Além do candidato ao Governo, ficou definido que o vice será Rogério Ferrarini, do PMDB, que, a exemplo de Ludio, disputou – e perdeu – a eleição a Prefeitura de Lucas do Rio Verde em 2012. A base aliada ainda terá como candidato ao Senado o deputado federal Wellington Fagundes, do Partido da República.

A definição do nome de Lúdio ao Governo aconteceu em reunião liderada pelo deputado federal Carlos Bezerra, presidente do PMDB no Estado, e que teve a presença de representantes do PT e do PR. Porém, já estava sacramentada desde a tarde de terça-feira, 24. O anunciou acabou sendo adiado em função da resistência do próprio Julier, que seguiu com articulações internas com siglas aliadas para conquistar a condição de candidato.

Ainda não se sabe se o ex magistrado disputará a eleição – situação que deve ser definida durante a convenção da sigla, na próxima sexta-feira, na sede da Associação Matogrossense dos Municípios. Quando deixou a ‘toga’ para ingressar na política, Julier anunciou que seu desejo era exclusivamente ser candidato ao Governo do Estado.

Pesou na decisão, fundamentalmente, o desempenho do petista nas pesquisas sobre a preferência do eleitorado. Hoje, Ludio é o nome mais forte para enfrentar o candidato da oposição, Pedro Taques, do PDT – que praticamente definiu sua chapa, com Jayme Campos, do Democratas, como candidato ao Senado Federal, e Carlos Favaro, presidente da Associação dos Produtores de Soja (Aprosoja) como vice.

Há meses, Ludio vem percorrendo o Estado para mostrar sua plataforma de Governo aos aliados políticos. Nos encontros, ele tem deixado como que, uma vez escolhido como candidato ao Governo, iria ‘desmascarar’ seu principal adversário, no caso, Taques, a apresentar um projeto de desenvolvimento para o Estado. “Vou desmascará-lo e provar que ele não tem mais que falácia” – disse em reuniões com aliados.

A decisão também coloca o PSD fora da aliança governista.

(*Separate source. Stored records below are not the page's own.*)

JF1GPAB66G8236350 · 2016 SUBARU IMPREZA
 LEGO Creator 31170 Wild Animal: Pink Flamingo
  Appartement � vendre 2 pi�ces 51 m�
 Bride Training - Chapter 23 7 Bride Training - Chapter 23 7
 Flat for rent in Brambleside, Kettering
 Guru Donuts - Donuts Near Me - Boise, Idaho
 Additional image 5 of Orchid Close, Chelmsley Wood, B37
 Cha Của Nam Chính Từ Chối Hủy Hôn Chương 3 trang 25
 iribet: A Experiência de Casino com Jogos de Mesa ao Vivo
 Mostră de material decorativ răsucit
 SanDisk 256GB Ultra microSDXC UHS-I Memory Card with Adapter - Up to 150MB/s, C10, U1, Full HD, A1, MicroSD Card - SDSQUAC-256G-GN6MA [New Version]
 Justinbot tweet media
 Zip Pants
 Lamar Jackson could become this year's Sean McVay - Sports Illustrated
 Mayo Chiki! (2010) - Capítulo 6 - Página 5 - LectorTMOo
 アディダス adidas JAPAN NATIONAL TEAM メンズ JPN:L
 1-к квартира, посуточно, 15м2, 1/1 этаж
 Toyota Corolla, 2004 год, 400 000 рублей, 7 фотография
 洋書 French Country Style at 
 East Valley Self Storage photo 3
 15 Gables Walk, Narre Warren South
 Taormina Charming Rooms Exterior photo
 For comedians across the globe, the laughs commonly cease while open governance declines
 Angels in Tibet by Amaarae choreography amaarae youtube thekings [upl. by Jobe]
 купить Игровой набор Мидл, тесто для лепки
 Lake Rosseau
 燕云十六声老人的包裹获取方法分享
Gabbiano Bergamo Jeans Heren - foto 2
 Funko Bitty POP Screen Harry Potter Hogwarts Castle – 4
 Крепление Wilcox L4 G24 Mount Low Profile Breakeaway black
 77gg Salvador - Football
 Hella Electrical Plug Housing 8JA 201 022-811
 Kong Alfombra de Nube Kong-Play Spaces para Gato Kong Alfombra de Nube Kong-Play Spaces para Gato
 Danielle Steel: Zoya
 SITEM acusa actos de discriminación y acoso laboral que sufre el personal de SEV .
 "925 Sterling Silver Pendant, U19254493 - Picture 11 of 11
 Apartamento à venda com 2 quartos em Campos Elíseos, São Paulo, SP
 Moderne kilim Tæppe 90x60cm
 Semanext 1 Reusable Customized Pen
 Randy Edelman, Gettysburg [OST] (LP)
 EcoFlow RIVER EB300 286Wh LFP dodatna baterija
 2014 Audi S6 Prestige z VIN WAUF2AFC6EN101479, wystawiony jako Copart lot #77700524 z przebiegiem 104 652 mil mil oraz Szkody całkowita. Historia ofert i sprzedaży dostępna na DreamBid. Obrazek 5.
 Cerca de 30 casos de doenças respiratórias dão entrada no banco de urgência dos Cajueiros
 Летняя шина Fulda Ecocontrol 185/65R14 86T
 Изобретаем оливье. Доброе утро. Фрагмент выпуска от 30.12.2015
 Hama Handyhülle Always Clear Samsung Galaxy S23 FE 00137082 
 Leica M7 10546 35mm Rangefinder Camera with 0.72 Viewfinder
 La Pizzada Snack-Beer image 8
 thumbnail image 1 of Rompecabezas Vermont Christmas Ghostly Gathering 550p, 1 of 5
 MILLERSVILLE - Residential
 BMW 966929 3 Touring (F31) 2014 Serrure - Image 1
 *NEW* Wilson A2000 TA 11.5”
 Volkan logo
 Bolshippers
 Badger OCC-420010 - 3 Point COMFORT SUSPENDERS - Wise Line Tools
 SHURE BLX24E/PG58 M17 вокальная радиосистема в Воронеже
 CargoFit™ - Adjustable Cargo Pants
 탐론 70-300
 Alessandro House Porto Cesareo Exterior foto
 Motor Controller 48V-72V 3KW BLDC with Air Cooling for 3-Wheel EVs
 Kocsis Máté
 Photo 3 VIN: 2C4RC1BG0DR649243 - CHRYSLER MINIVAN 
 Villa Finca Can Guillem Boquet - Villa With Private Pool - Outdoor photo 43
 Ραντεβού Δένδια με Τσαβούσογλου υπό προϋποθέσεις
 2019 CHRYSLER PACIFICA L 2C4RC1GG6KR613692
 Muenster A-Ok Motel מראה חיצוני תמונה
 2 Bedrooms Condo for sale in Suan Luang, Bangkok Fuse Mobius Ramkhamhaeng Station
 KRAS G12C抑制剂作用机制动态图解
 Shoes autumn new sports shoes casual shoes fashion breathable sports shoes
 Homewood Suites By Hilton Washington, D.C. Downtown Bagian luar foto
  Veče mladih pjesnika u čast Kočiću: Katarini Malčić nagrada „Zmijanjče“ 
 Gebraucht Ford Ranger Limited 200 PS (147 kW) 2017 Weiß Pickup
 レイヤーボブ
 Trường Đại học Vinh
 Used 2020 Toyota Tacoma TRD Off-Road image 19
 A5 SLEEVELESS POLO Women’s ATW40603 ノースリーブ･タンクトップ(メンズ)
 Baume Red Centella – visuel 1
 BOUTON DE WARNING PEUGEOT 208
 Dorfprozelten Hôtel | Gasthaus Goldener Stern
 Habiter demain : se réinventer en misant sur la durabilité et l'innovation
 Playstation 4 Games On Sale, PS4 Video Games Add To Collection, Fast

Mas, ainda não se constitui em ‘racha’. O deputado José Riva, principal expoente da sigla, já havia manifestado em discussões internas que a prioridade dos social-democratas era de construir uma chapa que pudesse eleger um maior número de candidatos a deputado federal e estadual. E que caso participasse da chapa majoritária da base aliada, não coligaria nas chamadas proporcionais – o que foi rejeitado pela maioria.

Nesta quarta-feira, 25, dezenas de prefeitos anunciaram pela manhã, durante reunião na Assembléia Legislativa, apoio ao nome do próprio Riva como candidato ao Governo do Estado. A medida foi interpretada como uma espécie de “rastro de pólvora”. Internamente, o PSD articula lançar o nome do empresário rural Rui Prado, presidente da Federação da Agricultura de Mato Grosso (Famato), ao Governo. A sigla ainda tenta atrair outros aliados, como PTB da ex-senadora Serys Slhessarenko.